Column: Mater Dei-Bishop O’Dowd basketball title game fittingly caps weekend

Mater Dei's Rex Pflueger tries to steal the ball from a falledn Franklin Longrus of Bishop O'Dowd during the first half of the Open Division boys' basketball state championship game on Saturday.

Mater Dei’s Rex Pflueger tries to steal the ball from a falledn Franklin Longrus of Bishop O’Dowd during the first half of the Open Division boys’ basketball state championship game on Saturday.

(Marcio Jose Sanchez / Associated Press)

State championships in California don’t come close to matching the fan frenzy of Indiana basketball or Texas football, where commitment reaches a whole different level.

Maybe we have too many beaches, too many malls, too many good college and pro teams, but on occasion, a state championship event can produce the kind of drama and excitement to lure California residents out of their comfort zone.

It happened over the weekend at Haas Pavilion in Berkeley, where there were three double-overtime championship basketball games among 12 CIF finals attended by 17,896 over two days (10,533 on Saturday).


The most astonishing ending transpired in the last game, Saturday night’s Open Division boys’ final between Santa Ana Mater Dei and Oakland Bishop O’Dowd.

Throughout the second half, 6-foot-10 center Ivan Rabb of Bishop O’Dowd was trying to inspire Dragons fans to turn up the noise level. By his play (19 points and 21 rebounds) and through his encouragement waving to fans, he helped create a loud, wild, memorable atmosphere.

Bishop O’Dowd’s first lead didn’t happen until late in overtime. And then came an ending that couldn’t have been more dramatic. With Mater Dei down by one point, Rex Pflueger went to the free-throw line with 25.3 seconds left in overtime. He made the first to tie the score and missed the second. Bishop O’Dowd got the rebound and worked for a final shot.

Rabb got the ball low and went up for a shot just before the horn sounded. The officials called a foul. Spectators went crazy. The time remaining was 0.8 seconds. All Rabb needed to do was make one free throw. He had two chances.

On his first shot, the ball didn’t hit the rim.
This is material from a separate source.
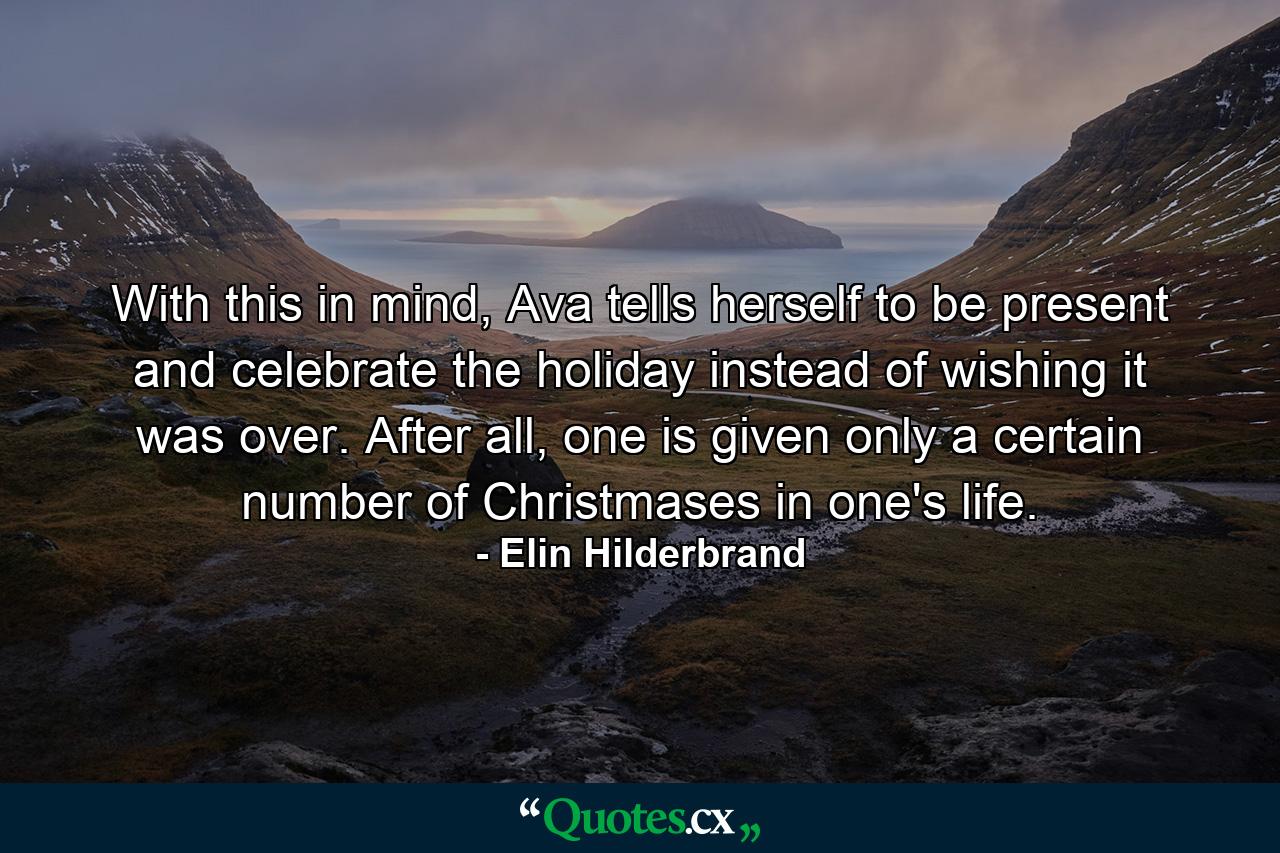 With this in mind, Ava tells herself to be present and celebrate the holiday instead of wishing it was over. After all, one is given only a certain number of Christmases in one's life. - Quote by Elin Hilderbrand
Reaction from the crowd was a stunned shriek. He was given the ball a second time, bounced it twice and made the free throw. Mater Dei inbounded the ball but a desperation shot didn’t come close. The horn went off. Game over. Bishop O’Dowd 65, Mater Dei 64. Teammates chased Rabb around the court to celebrate.

“I had to win the game for my team,” said Rabb, a McDonald’s All-American considering Arizona and California as his college choices.

The noise level in the arena became so deafening that even a Hoosier or a Texan would have been impressed.

Mater Dei Coach Gary McKnight, trying to win his 12th state title, said of the foul call, “It’s not usually called. [M.J.] Cage got the same one at the end of regulation and it wasn’t called. I feel bad for the kids. As a coach, you always want to win, but it’s about the players.”

Haas Pavilion was a one-year replacement for Sleep Train Arena in Sacramento, where the tournament returns next season. It proved to be more cozy with its 11,877 seating capacity than Sleep Train’s 17,317, and the acoustics helped create fun times for spectators.

The tournament received a boost from new teams getting the chance to win their first state title, such as La Mirada and La Verne Damien. Their fans came energized and in large numbers.

What made the tournament enjoyable was the quality of play. Sections across the state have been criticized for having too many divisions, thus helping dilute the competition. But most of the games proved to be competitive, and it showed that California is full of top players to follow in the coming years.

It was a weekend that provided convincing evidence that the high school sports scene is alive and capable of prospering.